A few more days helped me to see that a refusal to participate at all could be less powerful than a commitment to participate strategically.
And maybe, just maybe as part of the conversation I can also be part of the evolution to a better form of social media, right? Or am I just rationalizing my own addiction?
Regardless, I’d like to control who benefits from my attention. I wouldn’t mind throwing some cash or at least some attention to the people who are using these platforms to be inspirational or informative.
The first step for me is simple: I will engage in a way that brings joy.
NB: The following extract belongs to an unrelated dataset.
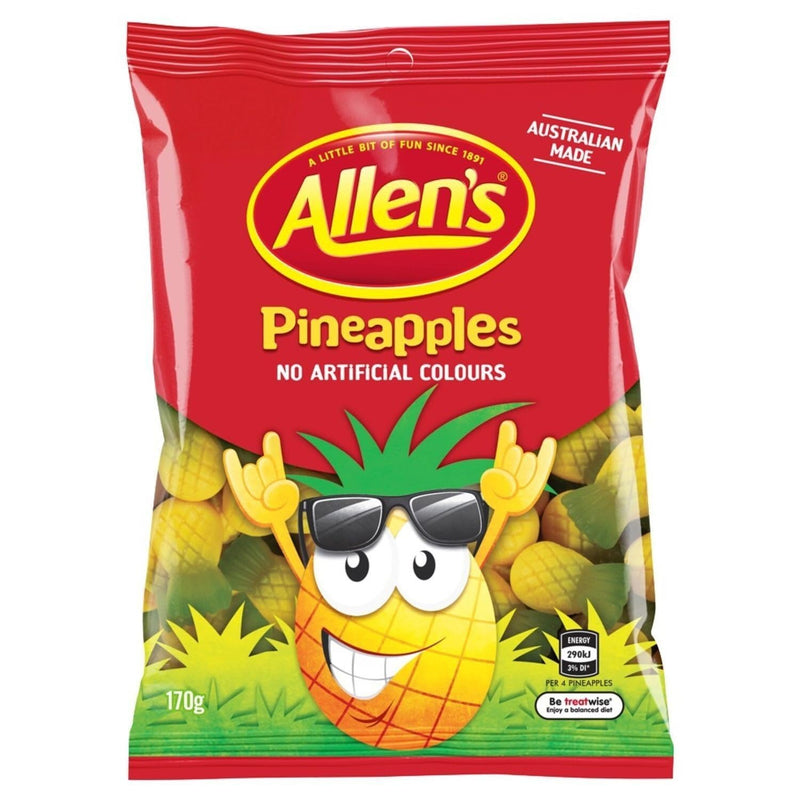 Allen's Pineapples Peg 170g - Case of 12 - Australia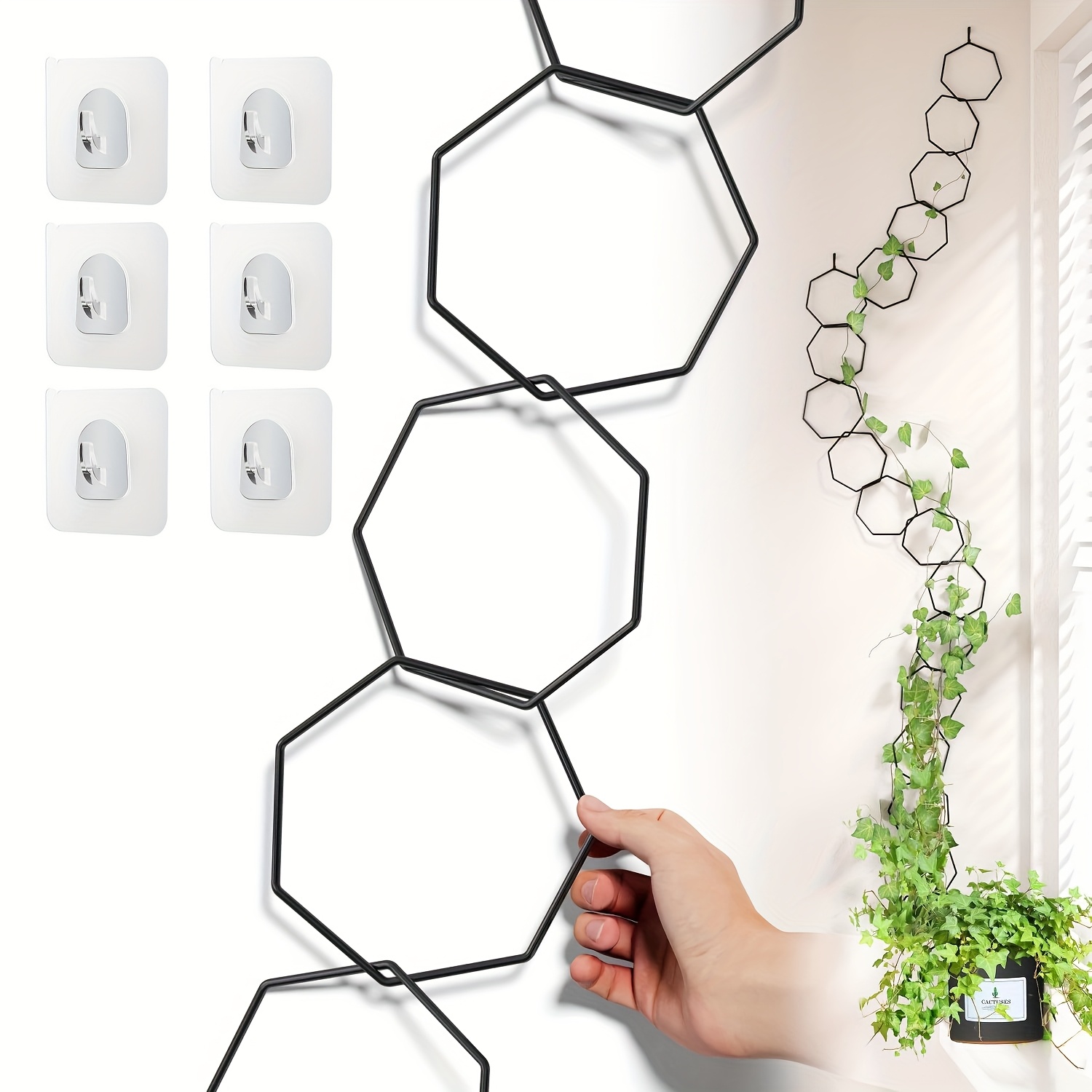4 Supports Plantes Grimpantes Intérieur - Treillis Métal Doré, 34cm Et 30cm De Haut - Pour Lierre, Jasmin, Roses En Pot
That is to tell stories and to shine a light on the ideas and people that are making my own world a better place.
People bringing something funny, thoughtful or delicious to the conversation deserve the love and I’m here for it.
So check back here on Monday for Delicious Episode 1: Homemade Ice Cream
Until then I highly recommend watching “The Social Dilemma” if you can. If nothing else, it makes it clear that like Pandora’s box or Atomic energy, social media’s effects are far reaching. The algorithm that runs things has potential for progress and for profit, but many of its negative consequences cannot be controlled or reversed.
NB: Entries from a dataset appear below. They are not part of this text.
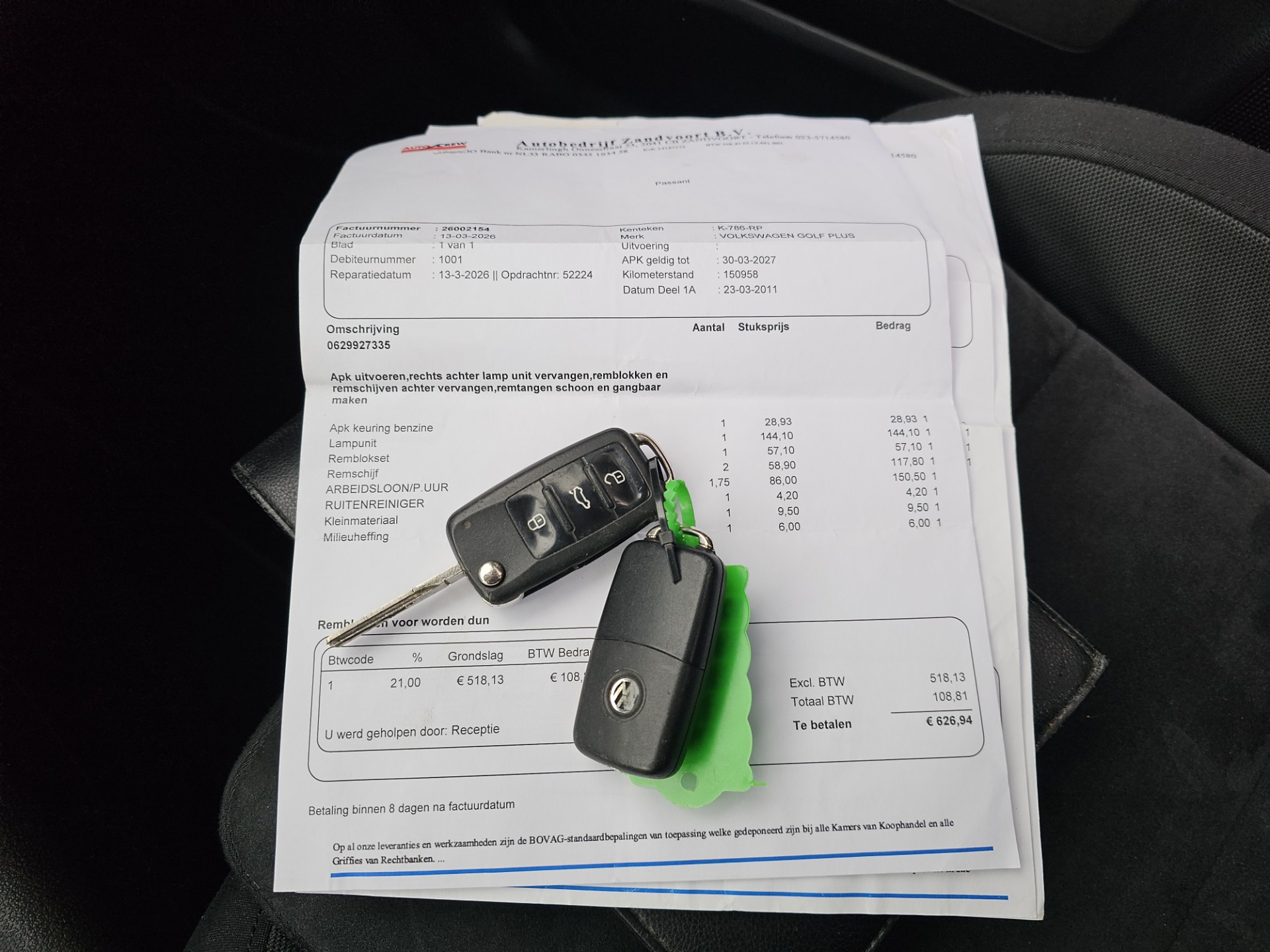 Foto van Volkswagen Golf Plus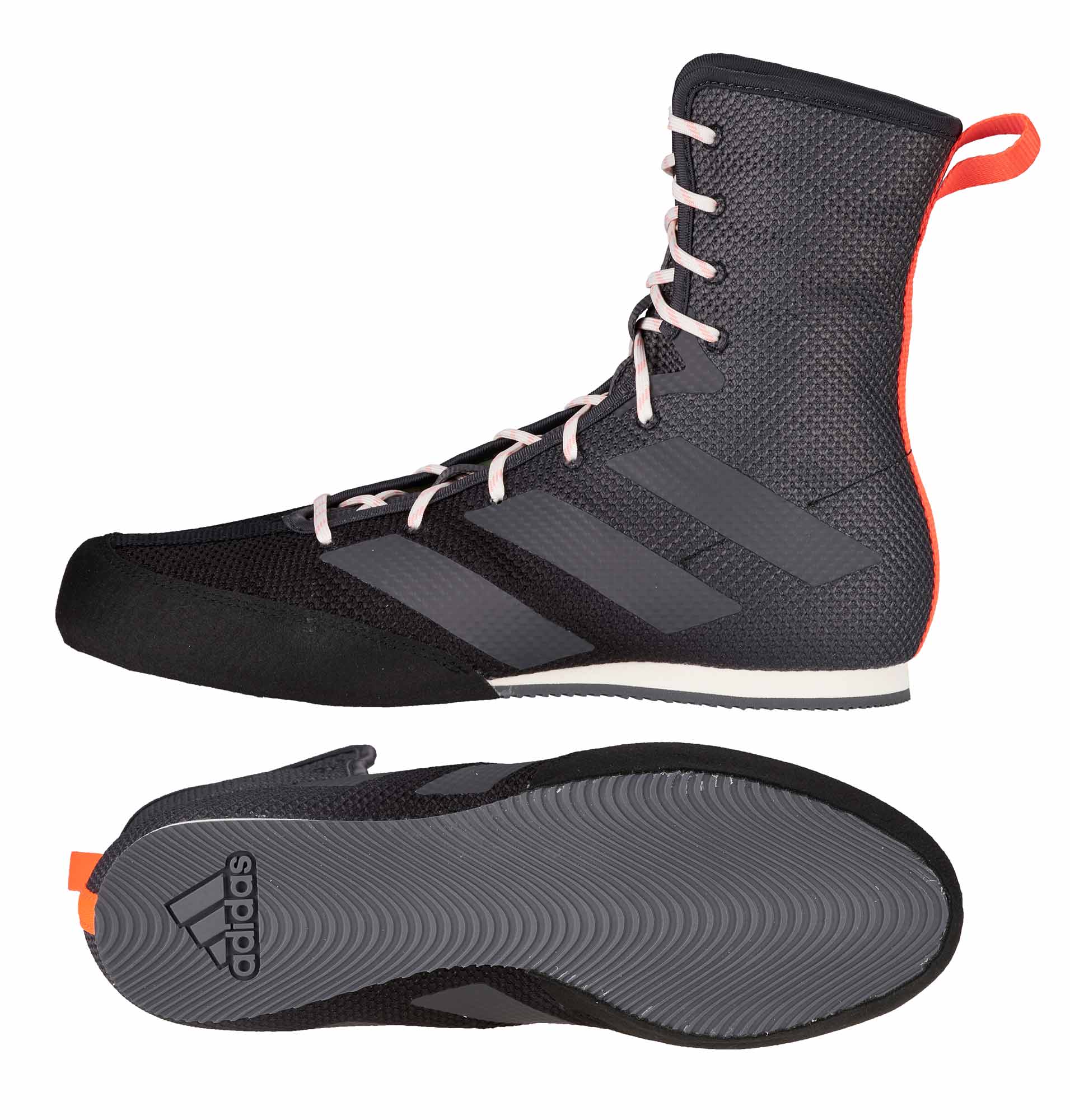 adidas box hog 3 FV6586 fitness shoes, black/grey/red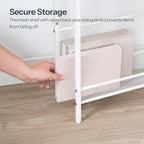 HOOBRO Small Narrow Side Table with Charging Station, Skinny End Table for Small Spaces, Slim Nightstand with USB Ports Outlet, Sofa Beside Table with Storage Shelf, White WT102UBZ01 - color: White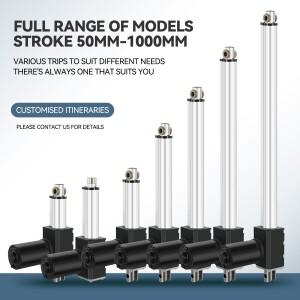 텔레스코픽 선형 액추에이터 산업용 등급  추력 6000N12V/24V DC 전기 왕복 리프팅 스트로크 범위 30-1000m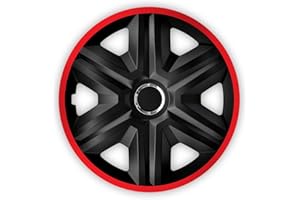 "4× NRM Radkappe FAST LUX, 15"""", rot"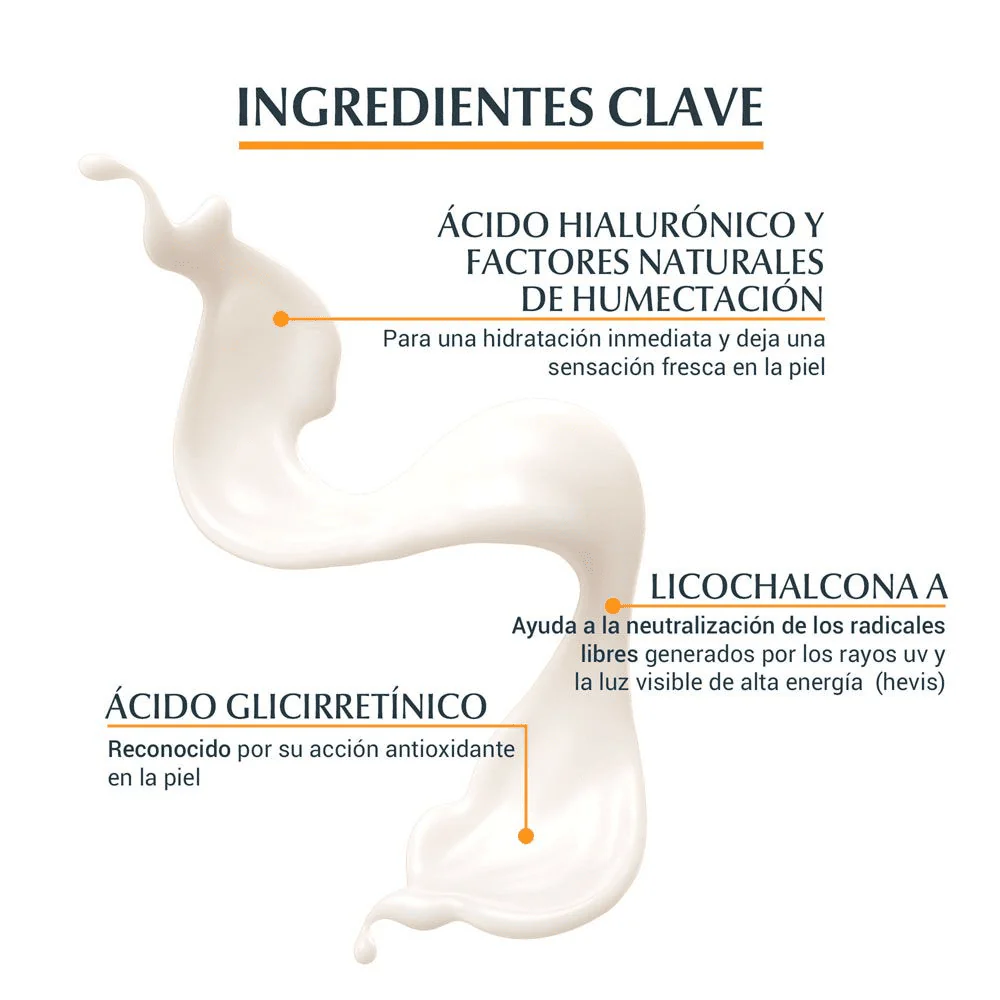 Protector Solar Facial Eucerin Hydro Fluid Textura Ultra Ligera FPS 50+ Frasco x50ml.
Relationships, self possession, independence and trust—All these things are being threatened by social media. You owe it to Yourself to Stop and figure out how you want to interact with it. Do not let them decide for you. Together maybe we can turn social media on its’ head. Stay tuned.
A resource I found helpful is a book called Digital Minimalism by Cal Newport. He’s another one who answers when you write to him. Ah letter writing, one of my favorite lost arts, but that’s a topic for another day.